# Need for speed Shift installations Probleme



## MarceLLo32 (12. Oktober 2009)

Guten Abend,

So mein erstes problem is dies das wen ich nfs installieren möchte phsyX problem auf der Cd is ein treiber vorhanden der aber nicht viel bringt bei mir
wen ich den treiber von Nvidia runterladen den 9.09 kommt die fehlermeldung das ich das später versuchen soll dannach kommt die fehler meldung das windows installer nicht richtig installiert wurde etc. mehrere fehlermeldungen halt von 1703,1709 usw...
kann mir jemand helfen 

( auf der Cd is 9.04 enthalten Treiber von PhsyX)
______________________________

Intel Pentium D 2x3,4 Ghz
OCZ 4 Gb DDr2 667mhz
Geforce 8800GTS 512MB
GigaByte GA-EP31-DS3L
windows Vista premium Sp2


----------



## midnight (12. Oktober 2009)

Na ein Thread hätte doch gereicht, oder? Wir wärs mit etwas Rechtschreibung? Ich hab keine wirklich Ahnung, was du da nun willst.
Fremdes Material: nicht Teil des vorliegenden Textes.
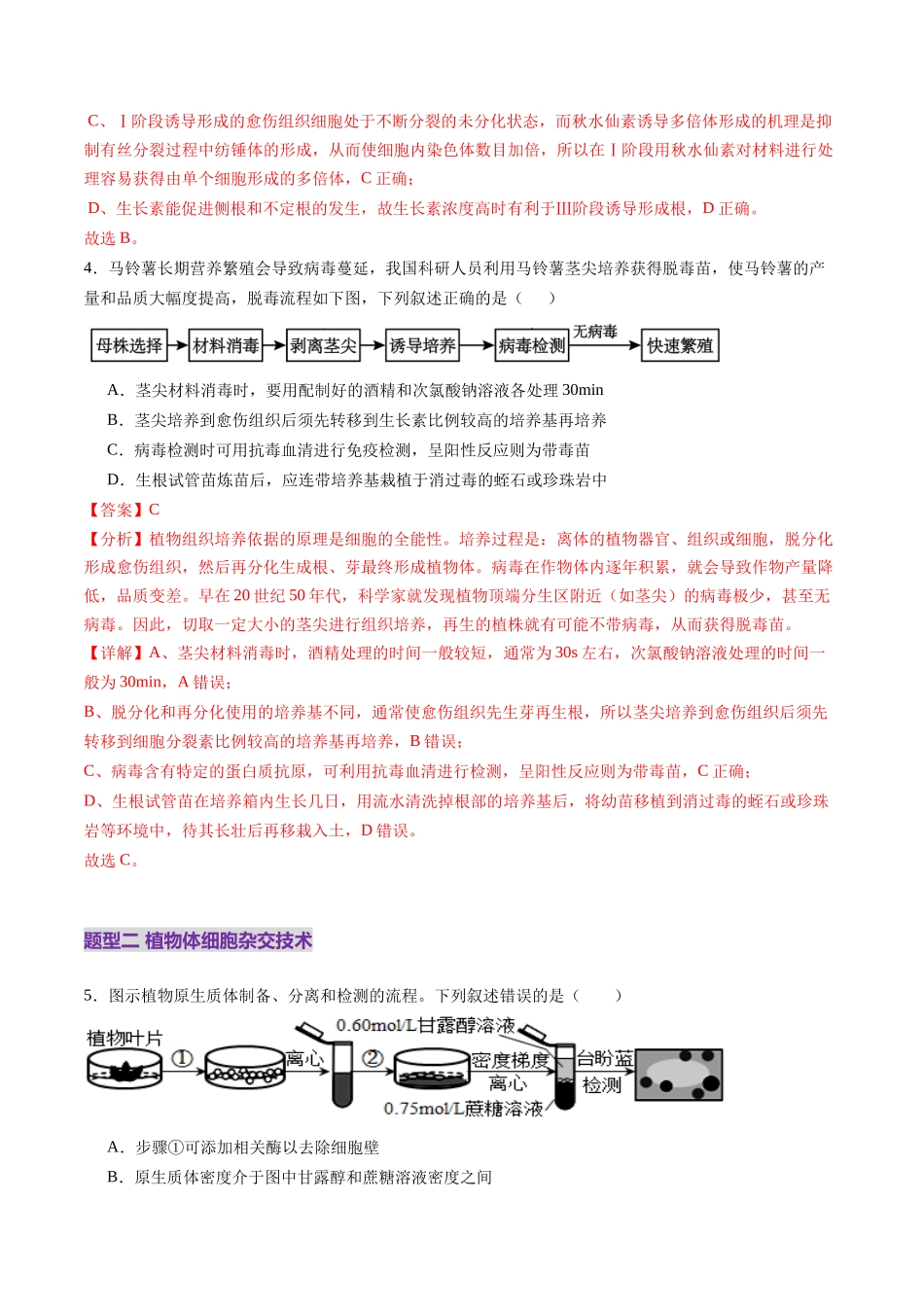 第39讲 植物细胞工程（练习）（教师版）.docx_第3页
Irgendwas mit PhysX, ja und dann?

so far


----------



## Klutten (13. Oktober 2009)

Der Meinung bin ich auch, drum wurde der andere kurzerhand entsorgt.


----------



## MarceLLo32 (13. Oktober 2009)

so nochmal...
mein problem ist...
das wen ich nfs installieren möchte das dort eine fehlermeldung kommt Error: The PhysX runtime redistributable package was not installed successful setup cannot continue 
und wen ich mein nvidia treiber , physX treiber neu installieren will geht das einfach nicht dann kommt die fehlermeldung 1703 

besser?
_____________

Intel Pentium D 2x3,4 Ghz
OCZ 4 Gb DDr2 667mhz
Geforce 8800GTS 512MB
GigaByte GA-EP31-DS3L
windows Vista premium Sp2


----------